Aim of the task: Every record must come back unchanged, apart from the pictures, which are dropped.

Data for this task:
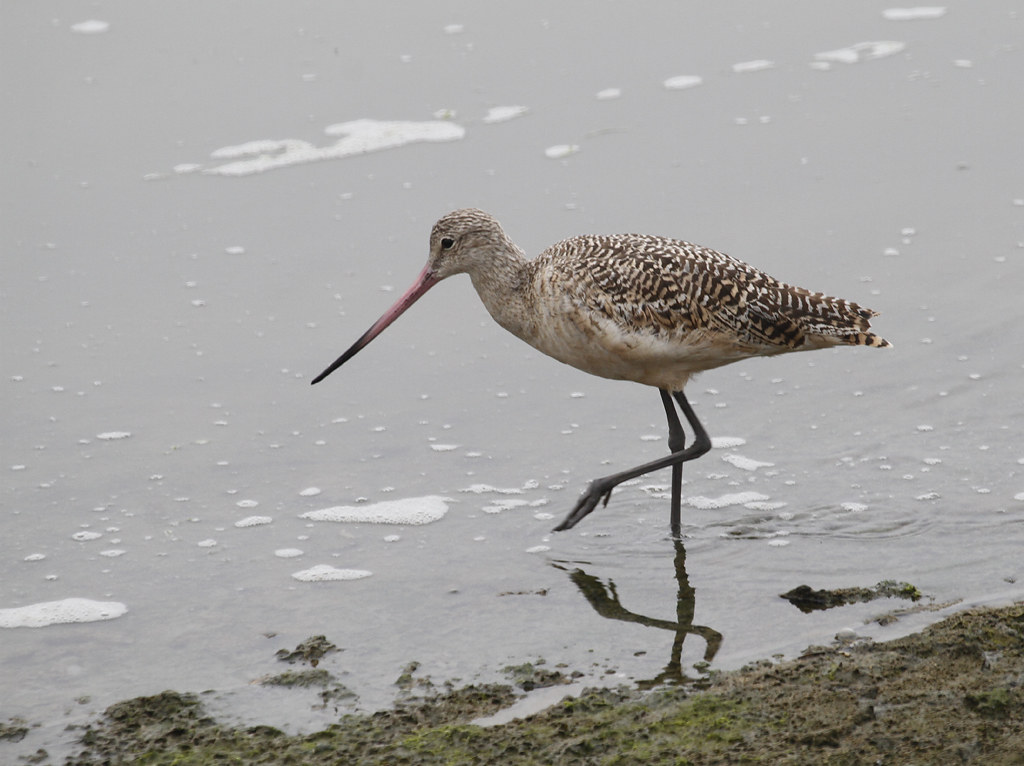 A Marbled Godwit in Monterey County, California (8/27/2019).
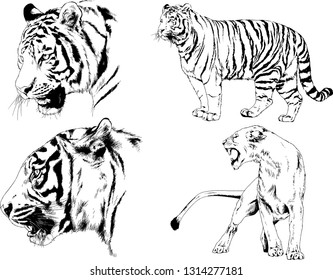 vector drawings sketches different predator , tigers lions cheetahs and leopards are drawn in ink by hand , objects with no background

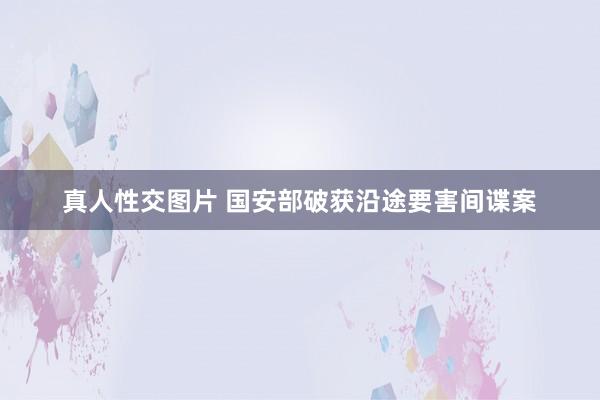 真人性交图片 国安部破获沿途要害间谍案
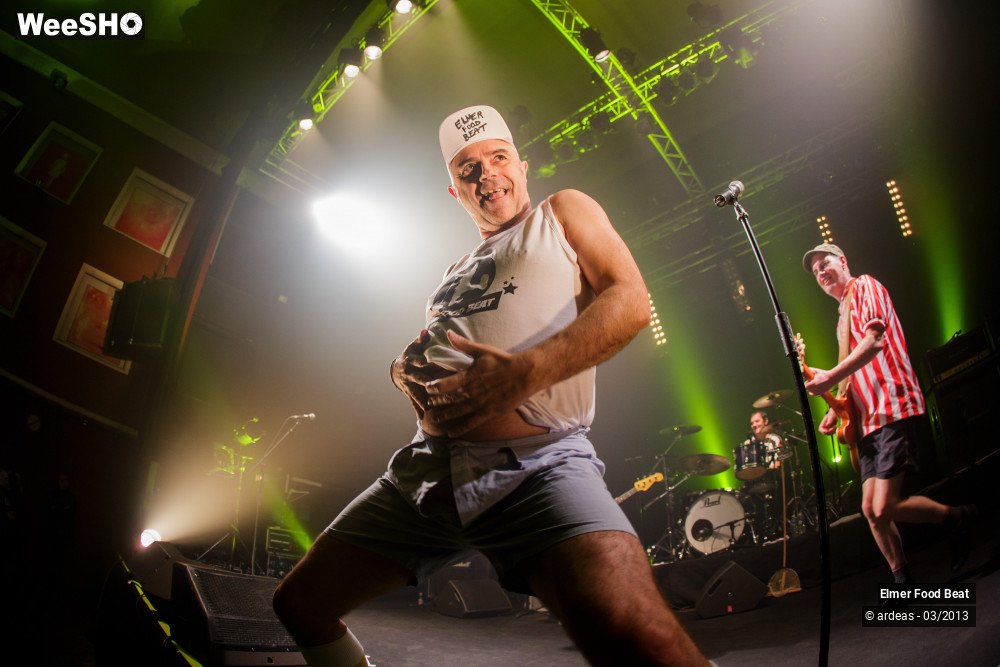 19/50 photos du spectacle Elmer Food Beat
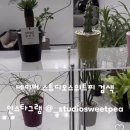 스튜디오스위트피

Output for this exercise:
 A Marbled Godwit in Monterey County, California (8/27/2019).
 vector drawings sketches different predator , tigers lions cheetahs and leopards are drawn in ink by hand , objects with no background

 真人性交图片 国安部破获沿途要害间谍案
 19/50 photos du spectacle Elmer Food Beat
 스튜디오스위트피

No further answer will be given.